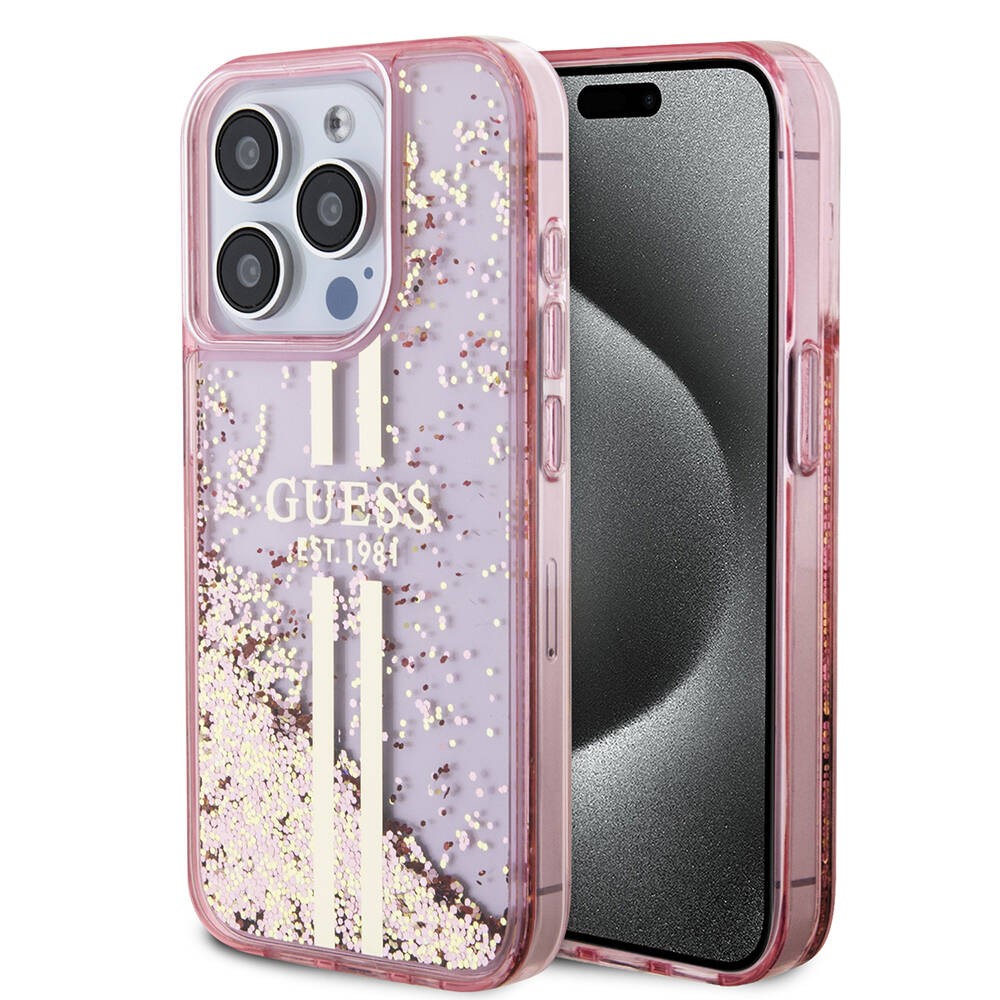 iPhone 15 Pro Kılıf Guess Orjinal Lisanslı Transparan Sıvılı Simli Altın Çizgili Kılıf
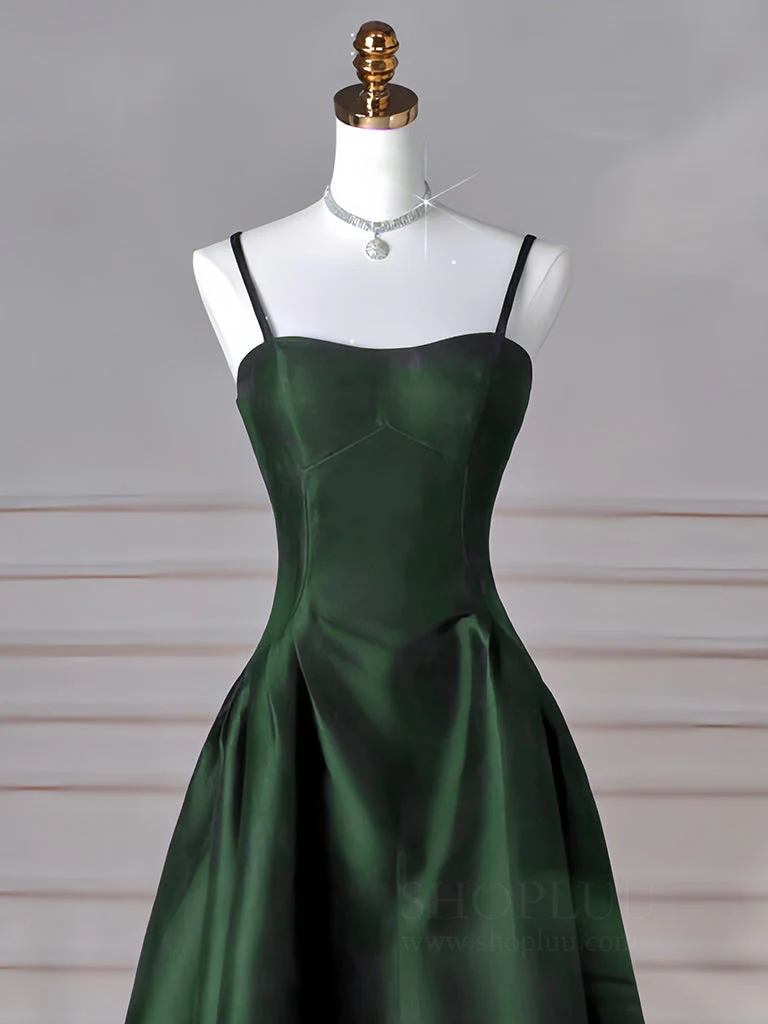 Simple A-Line Olive Green Satin Long Prom Dress, Olive Green Long Formal Dress - Deanwangkt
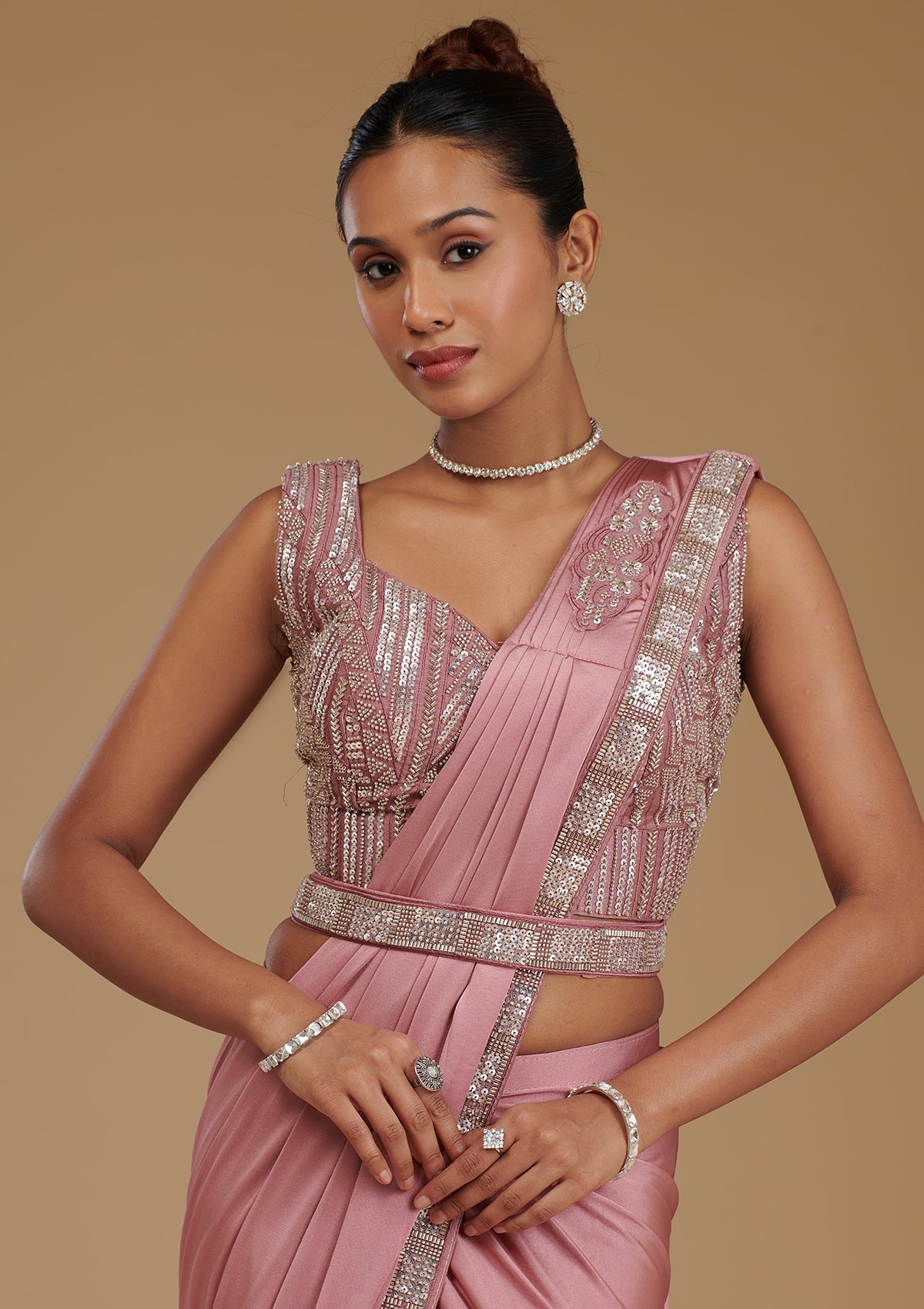 Koskii Onion Pink Cutdana Satin Readymade Saree - view 2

____

Task details: Starting with the line that holds "Simple A-Line Olive", retype each line through the last one in the listing above, exactly as written. Do not copy any pictures.

Your solution:
 Simple A-Line Olive Green Satin Long Prom Dress, Olive Green Long Formal Dress - Deanwangkt
 Koskii Onion Pink Cutdana Satin Readymade Saree - view 2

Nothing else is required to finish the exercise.